Norwegian Cruise Line has seen revenue increase 9.3 per cent, to $1.66 billion, for the three months to June 30th.
The figure compares to that of $1.52 billion in 2018.
At the same time, profit reached $240 million, up from $227 million during the prior year.
Earnings per share were up to $1.11, from $1.01 the year prior.
“Continued robust demand for our global brands along with our strong consumer focused value proposition, honed revenue management practices and best guest marketing strategy, enabled us to continue to drive ticket pricing higher which, when coupled with strong onboard revenue performance, resulted in record second quarter results,” said Frank Del Rio, president and chief executive officer of Norwegian Cruise Line Holdings.
“The underlying fundamentals of our business remain strong across all core markets, and we continue to expect record financial results in 2019, despite the impact from the change in federal regulations which resulted in the cessation of premium-priced Cuba sailings.”

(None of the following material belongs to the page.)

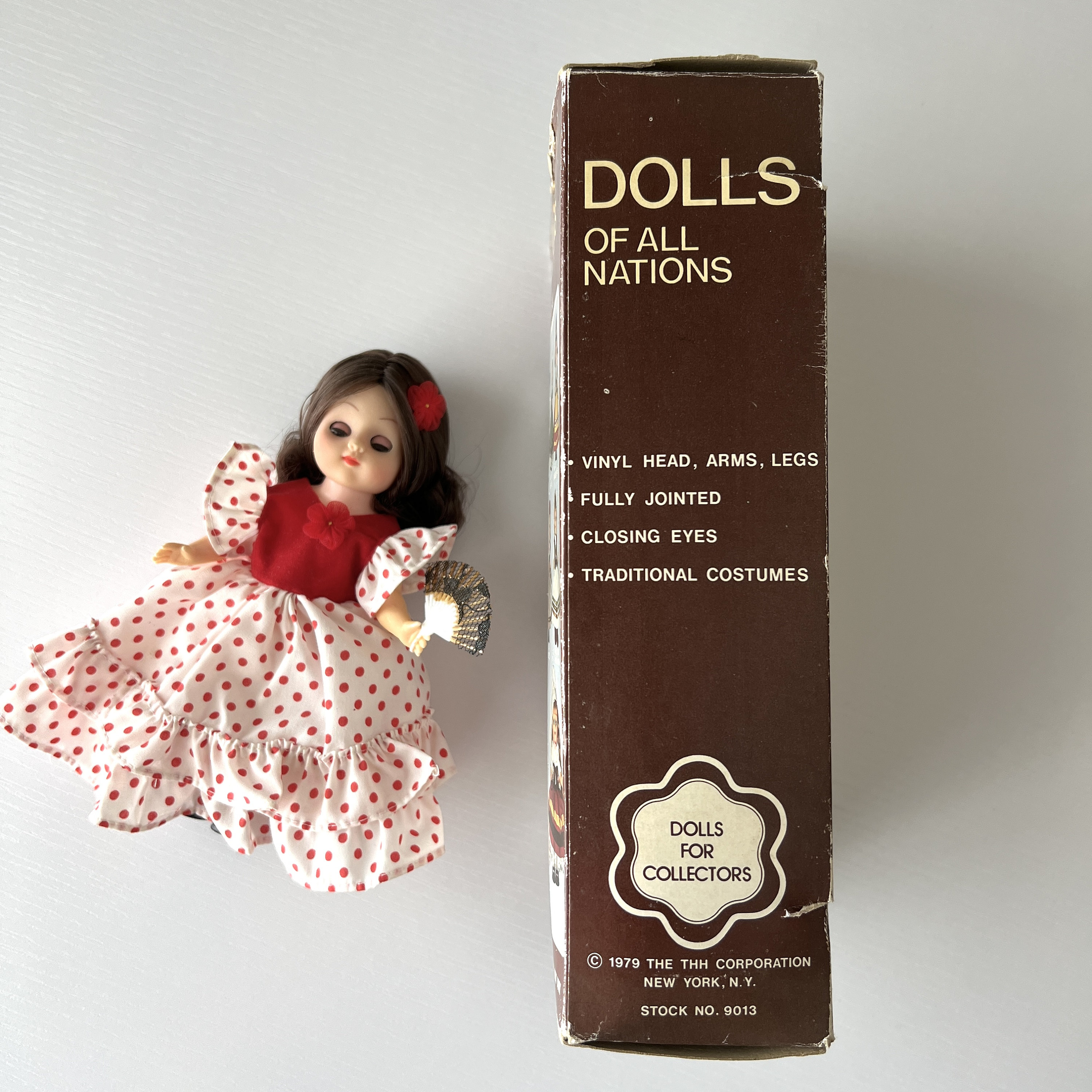 Dolls of All Nations, Spain Doll, Vintage 1970s, Larco, Original
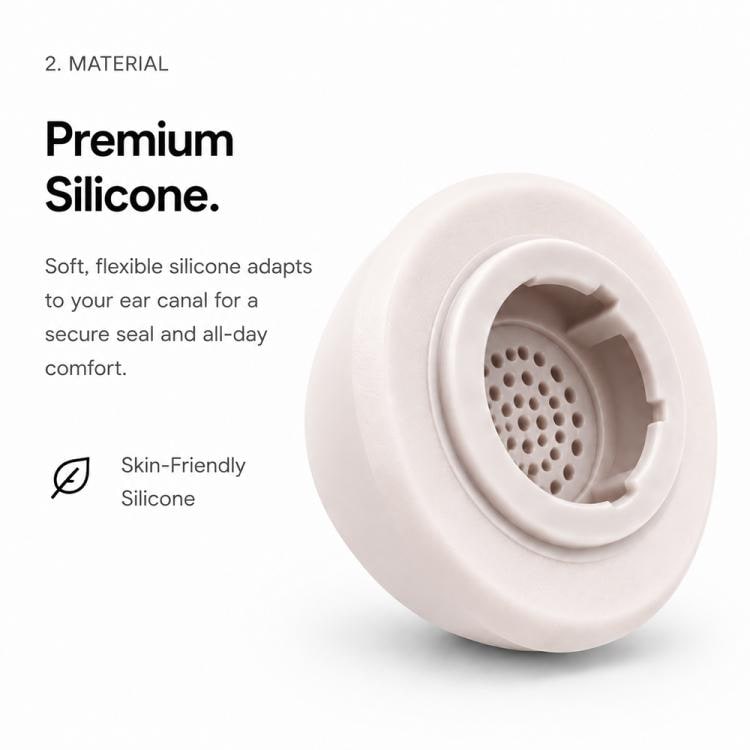 Silikonørepropper til Galaxy Buds3 Pro/Buds4 Pro, 3 par i størrelsene S/M/L – Rosa / erstatningspropper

The increase in revenue was primarily attributed to an increase in capacity days as a result of the addition of Norwegian Bliss to the fleet in 2018 along with an increase in net yield driven by the repositioning of Norwegian Joy to North America, robust onboard spending along with strong growth in organic pricing across all core markets.
Norwegian said full year adjusted earnings per share are now expected to be in the range of $5.00 to $5.10, inclusive of a $0.45 adverse impact from the abrupt change in federal regulations surrounding cruises to Cuba and a $0.07 impact from a technical issue on Norwegian Pearl in July.
“Without these headwinds, the company’s outlook would have exceeded its May guidance primarily as a result of revenue outperformance in the second quarter, coupled with a stronger revenue outlook for the back half of the year,” NCL said in a statement.